_Collected material_.
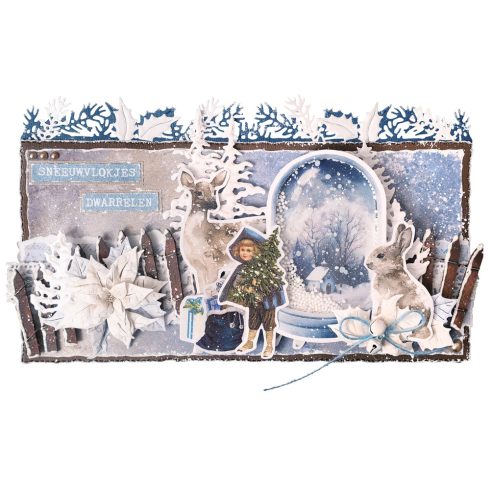 Studio Light Vintage Christmas Designs Elements – paperilehtio 203 x 203 cm1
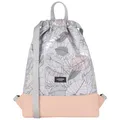 Produktbild: LARKSON Turnbeutel Damen & Herren Muster - No 7 - Rucksack Damen für Sport und Festival - Beutel Rucksack Klein mit Innentasche - Außentasche für Schnellzugriff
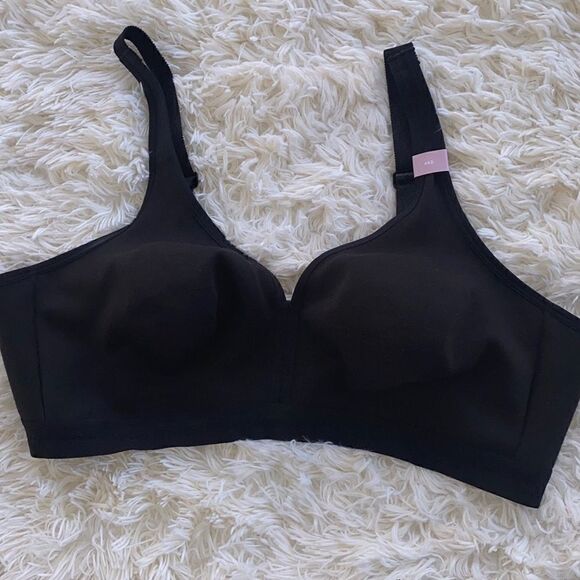Cacique Black Full Coverage Bra 46D - Picture 1 of 8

_Task to complete_. Every picture stays out; reproduce exactly the lines from the one with "Produktbild: LARKSON Turnbeutel" through the last line of the data above.

_Response to the task_.
 Produktbild: LARKSON Turnbeutel Damen & Herren Muster - No 7 - Rucksack Damen für Sport und Festival - Beutel Rucksack Klein mit Innentasche - Außentasche für Schnellzugriff
Cacique Black Full Coverage Bra 46D - Picture 1 of 8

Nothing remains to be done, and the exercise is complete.